▶ **Your goal**
Reprint all of the data below exactly as shown and skip every image.

▶ **Supplied material**
BEGIN

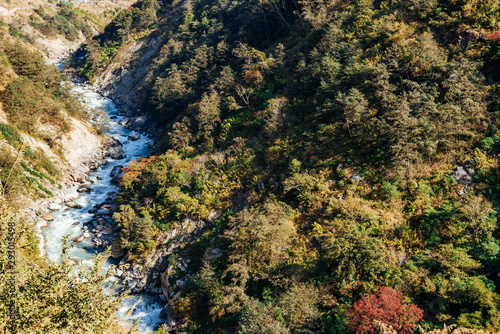 River flows trough rocky valley in Himalaya mountains in Nepal during sunny summer day. 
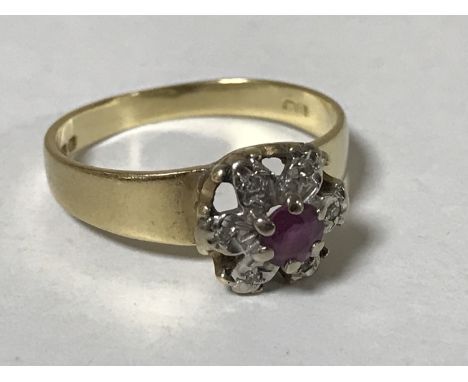 An 18ct gold ruby and diamond cluster ring, size K/L, 2.6g.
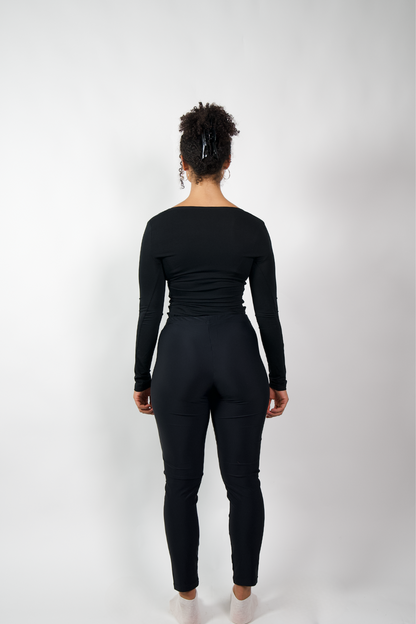 Rückenansicht einer Frau in schwarzen, eng anliegenden Leggings und einem schwarzen Langarmshirt.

END

▶ **Written solution**
 River flows trough rocky valley in Himalaya mountains in Nepal during sunny summer day. 
 An 18ct gold ruby and diamond cluster ring, size K/L, 2.6g.
 Rückenansicht einer Frau in schwarzen, eng anliegenden Leggings und einem schwarzen Langarmshirt.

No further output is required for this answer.